#### Work to complete
With both ends included, repeat exactly the lines of the entries below from the one containing "Brown Shopper Bag with Embossed Writing" down to the one containing "Nautica Jeans Modern", and no others.

#### Material to process
________________________________________

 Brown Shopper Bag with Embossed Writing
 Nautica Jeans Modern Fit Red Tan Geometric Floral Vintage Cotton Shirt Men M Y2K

________________________________________

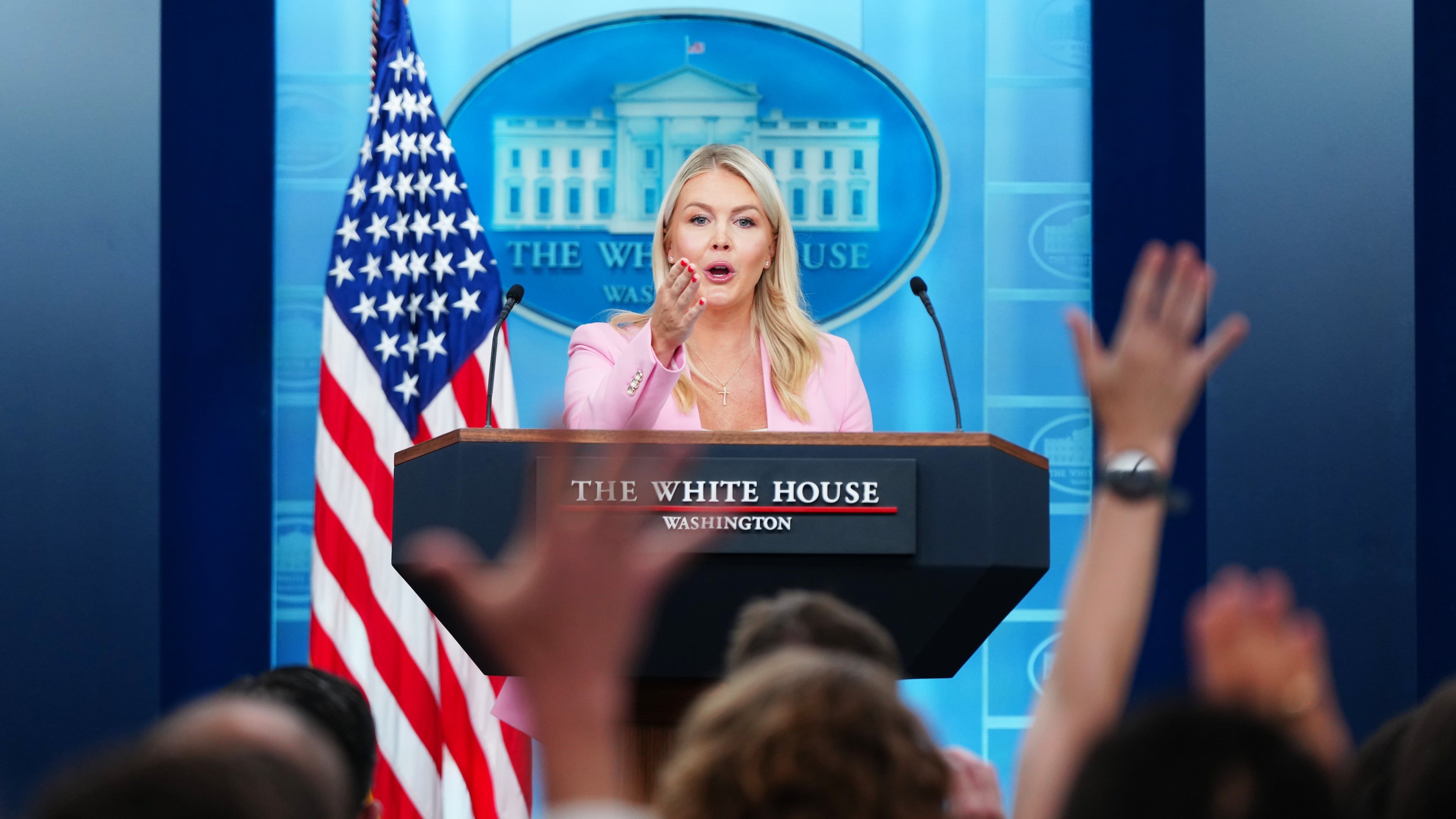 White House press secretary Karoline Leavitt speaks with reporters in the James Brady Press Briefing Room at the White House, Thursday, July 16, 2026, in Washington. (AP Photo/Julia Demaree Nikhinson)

________________________________________

#### Written solution
 Brown Shopper Bag with Embossed Writing
 Nautica Jeans Modern Fit Red Tan Geometric Floral Vintage Cotton Shirt Men M Y2K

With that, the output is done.